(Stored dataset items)
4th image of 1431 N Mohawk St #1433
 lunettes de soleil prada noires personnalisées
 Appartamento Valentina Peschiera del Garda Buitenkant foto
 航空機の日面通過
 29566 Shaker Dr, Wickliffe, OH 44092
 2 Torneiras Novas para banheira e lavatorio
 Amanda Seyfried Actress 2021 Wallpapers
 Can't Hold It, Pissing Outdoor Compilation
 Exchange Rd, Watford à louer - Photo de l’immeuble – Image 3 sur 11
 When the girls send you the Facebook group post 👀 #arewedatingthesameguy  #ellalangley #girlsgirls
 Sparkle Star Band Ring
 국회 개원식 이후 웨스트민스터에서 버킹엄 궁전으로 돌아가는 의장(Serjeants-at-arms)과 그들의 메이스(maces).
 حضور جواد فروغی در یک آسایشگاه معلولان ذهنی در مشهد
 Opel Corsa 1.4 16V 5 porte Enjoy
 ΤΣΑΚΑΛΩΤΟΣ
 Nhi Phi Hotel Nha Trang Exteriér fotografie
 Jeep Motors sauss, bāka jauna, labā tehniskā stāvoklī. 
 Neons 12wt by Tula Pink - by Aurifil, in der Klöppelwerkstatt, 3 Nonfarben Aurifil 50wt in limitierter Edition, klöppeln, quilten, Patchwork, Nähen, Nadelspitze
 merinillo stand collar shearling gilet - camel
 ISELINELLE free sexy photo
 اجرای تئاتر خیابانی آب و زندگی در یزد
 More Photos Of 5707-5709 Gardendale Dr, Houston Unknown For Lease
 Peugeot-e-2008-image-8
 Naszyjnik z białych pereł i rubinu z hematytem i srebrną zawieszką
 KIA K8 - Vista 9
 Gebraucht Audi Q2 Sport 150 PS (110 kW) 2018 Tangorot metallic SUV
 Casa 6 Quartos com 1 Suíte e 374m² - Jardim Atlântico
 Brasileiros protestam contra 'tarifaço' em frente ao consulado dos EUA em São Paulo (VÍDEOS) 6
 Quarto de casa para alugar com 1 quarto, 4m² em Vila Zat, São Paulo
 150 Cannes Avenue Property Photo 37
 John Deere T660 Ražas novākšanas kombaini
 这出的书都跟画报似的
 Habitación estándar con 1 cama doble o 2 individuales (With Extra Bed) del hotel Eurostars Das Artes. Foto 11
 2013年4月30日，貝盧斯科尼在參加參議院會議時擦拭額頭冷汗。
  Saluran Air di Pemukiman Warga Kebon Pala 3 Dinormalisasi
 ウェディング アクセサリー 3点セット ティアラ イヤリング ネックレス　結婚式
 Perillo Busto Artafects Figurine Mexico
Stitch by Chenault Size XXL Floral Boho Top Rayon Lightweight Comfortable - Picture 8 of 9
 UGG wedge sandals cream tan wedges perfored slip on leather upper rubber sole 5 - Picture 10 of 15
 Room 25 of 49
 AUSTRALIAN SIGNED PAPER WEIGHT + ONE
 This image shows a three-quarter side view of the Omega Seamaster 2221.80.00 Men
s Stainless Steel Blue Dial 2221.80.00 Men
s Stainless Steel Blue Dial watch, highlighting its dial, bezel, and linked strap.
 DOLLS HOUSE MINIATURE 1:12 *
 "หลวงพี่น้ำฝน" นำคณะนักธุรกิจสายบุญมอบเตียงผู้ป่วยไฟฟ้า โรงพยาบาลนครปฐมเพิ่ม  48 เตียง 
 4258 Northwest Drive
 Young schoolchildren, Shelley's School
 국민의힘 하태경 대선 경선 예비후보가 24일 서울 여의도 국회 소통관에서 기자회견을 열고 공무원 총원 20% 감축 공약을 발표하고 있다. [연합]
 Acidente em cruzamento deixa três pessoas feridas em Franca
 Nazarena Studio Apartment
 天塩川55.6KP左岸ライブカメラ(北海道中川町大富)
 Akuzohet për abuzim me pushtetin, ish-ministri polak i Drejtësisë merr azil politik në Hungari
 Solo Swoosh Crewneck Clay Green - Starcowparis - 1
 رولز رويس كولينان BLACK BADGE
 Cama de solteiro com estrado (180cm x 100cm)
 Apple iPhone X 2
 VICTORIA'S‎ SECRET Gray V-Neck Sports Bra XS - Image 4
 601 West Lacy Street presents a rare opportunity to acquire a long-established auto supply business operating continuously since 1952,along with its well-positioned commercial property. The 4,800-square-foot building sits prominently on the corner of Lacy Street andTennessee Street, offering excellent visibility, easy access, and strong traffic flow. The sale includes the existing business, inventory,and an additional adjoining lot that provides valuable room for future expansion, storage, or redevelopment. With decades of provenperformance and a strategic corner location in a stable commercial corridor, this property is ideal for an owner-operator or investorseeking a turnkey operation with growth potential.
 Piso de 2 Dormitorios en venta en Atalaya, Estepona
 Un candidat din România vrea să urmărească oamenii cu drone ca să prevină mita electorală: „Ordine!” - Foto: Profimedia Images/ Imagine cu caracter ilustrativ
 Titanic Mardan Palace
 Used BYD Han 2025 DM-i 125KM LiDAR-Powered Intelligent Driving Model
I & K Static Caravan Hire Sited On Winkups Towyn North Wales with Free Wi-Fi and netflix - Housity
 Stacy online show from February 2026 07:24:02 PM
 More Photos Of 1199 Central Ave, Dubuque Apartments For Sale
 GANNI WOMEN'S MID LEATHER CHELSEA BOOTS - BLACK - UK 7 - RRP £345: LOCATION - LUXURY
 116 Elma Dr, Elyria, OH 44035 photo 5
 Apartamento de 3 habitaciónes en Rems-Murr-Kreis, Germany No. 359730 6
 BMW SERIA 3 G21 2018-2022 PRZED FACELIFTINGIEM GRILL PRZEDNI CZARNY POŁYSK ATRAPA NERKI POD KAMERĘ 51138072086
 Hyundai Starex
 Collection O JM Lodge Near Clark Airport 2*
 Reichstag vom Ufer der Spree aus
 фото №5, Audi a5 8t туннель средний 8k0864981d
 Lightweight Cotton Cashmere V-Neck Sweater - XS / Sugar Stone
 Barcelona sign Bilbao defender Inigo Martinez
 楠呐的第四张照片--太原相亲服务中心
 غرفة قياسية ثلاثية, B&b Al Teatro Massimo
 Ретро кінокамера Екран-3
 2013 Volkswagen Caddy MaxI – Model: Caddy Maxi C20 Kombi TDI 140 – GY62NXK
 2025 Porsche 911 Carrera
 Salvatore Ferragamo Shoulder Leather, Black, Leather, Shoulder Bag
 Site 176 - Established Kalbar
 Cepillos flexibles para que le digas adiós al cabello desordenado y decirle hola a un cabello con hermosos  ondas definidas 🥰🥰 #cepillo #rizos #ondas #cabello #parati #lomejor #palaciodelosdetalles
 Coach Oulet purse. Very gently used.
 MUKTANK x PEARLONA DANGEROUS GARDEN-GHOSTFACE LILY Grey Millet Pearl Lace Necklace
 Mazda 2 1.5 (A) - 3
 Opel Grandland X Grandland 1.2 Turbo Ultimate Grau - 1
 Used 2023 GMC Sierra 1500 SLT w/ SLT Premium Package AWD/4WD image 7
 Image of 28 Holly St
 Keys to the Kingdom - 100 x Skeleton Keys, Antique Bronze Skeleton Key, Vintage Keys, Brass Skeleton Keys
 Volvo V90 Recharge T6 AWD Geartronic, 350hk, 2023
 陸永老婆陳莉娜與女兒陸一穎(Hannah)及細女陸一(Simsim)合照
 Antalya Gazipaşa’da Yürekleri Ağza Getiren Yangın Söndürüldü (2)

** Assigned task **
Look above for the line with "More Photos Of 5707-5709" and the line with "Stitch by Chenault"; transcribe both and all lines in between, exactly, and nothing else.

** Solution for this task **
 More Photos Of 5707-5709 Gardendale Dr, Houston Unknown For Lease
 Peugeot-e-2008-image-8
 Naszyjnik z białych pereł i rubinu z hematytem i srebrną zawieszką
 KIA K8 - Vista 9
 Gebraucht Audi Q2 Sport 150 PS (110 kW) 2018 Tangorot metallic SUV
 Casa 6 Quartos com 1 Suíte e 374m² - Jardim Atlântico
 Brasileiros protestam contra 'tarifaço' em frente ao consulado dos EUA em São Paulo (VÍDEOS) 6
 Quarto de casa para alugar com 1 quarto, 4m² em Vila Zat, São Paulo
 150 Cannes Avenue Property Photo 37
 John Deere T660 Ražas novākšanas kombaini
 这出的书都跟画报似的
 Habitación estándar con 1 cama doble o 2 individuales (With Extra Bed) del hotel Eurostars Das Artes. Foto 11
 2013年4月30日，貝盧斯科尼在參加參議院會議時擦拭額頭冷汗。
  Saluran Air di Pemukiman Warga Kebon Pala 3 Dinormalisasi
 ウェディング アクセサリー 3点セット ティアラ イヤリング ネックレス　結婚式
 Perillo Busto Artafects Figurine Mexico
Stitch by Chenault Size XXL Floral Boho Top Rayon Lightweight Comfortable - Picture 8 of 9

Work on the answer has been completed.